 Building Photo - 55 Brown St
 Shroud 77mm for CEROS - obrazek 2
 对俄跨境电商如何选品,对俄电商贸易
※
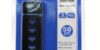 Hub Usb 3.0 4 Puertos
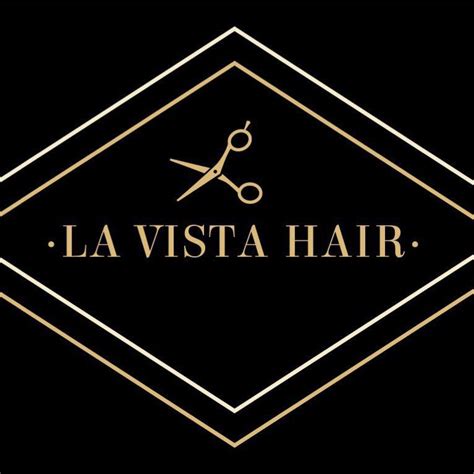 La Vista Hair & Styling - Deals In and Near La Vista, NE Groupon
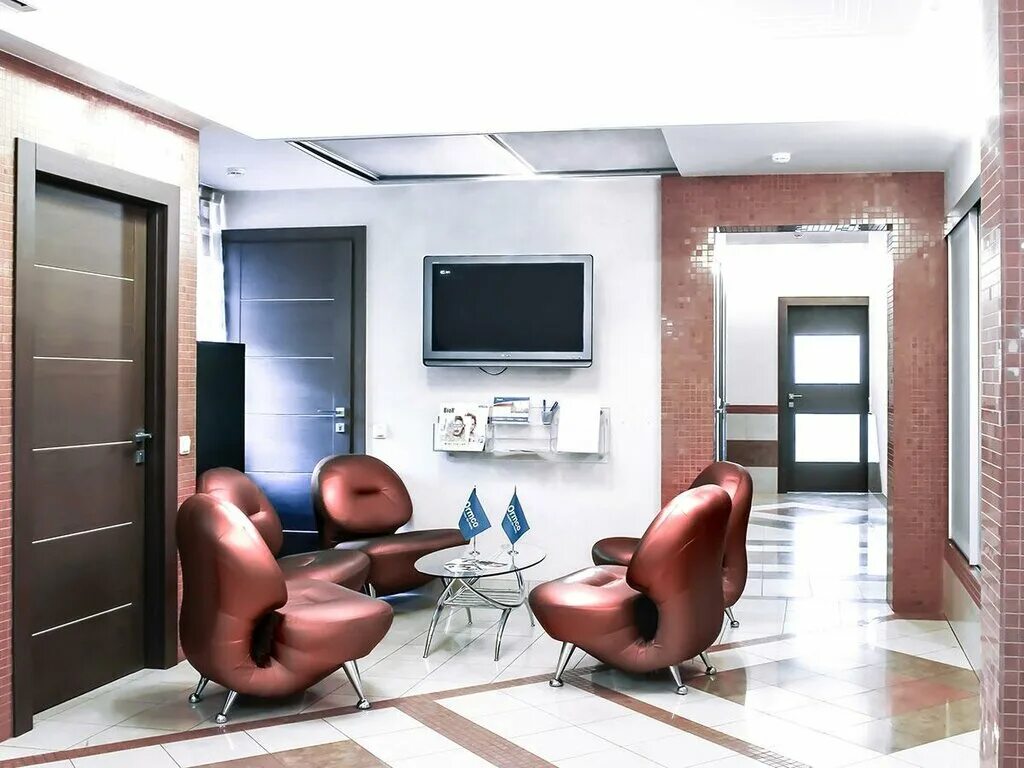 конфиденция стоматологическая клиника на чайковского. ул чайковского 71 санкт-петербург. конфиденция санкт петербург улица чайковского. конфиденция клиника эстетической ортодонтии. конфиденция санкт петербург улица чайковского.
※
§ PROMPT
Look through the entries above and quote exactly the lines from the line with "Building Photo - 55 Brown St" to the line with "对俄跨境电商如何选品,对俄电商贸易", counting both of those lines.

§ RESPONSE FOR THIS EXERCISE
 Building Photo - 55 Brown St
 Shroud 77mm for CEROS - obrazek 2
 对俄跨境电商如何选品,对俄电商贸易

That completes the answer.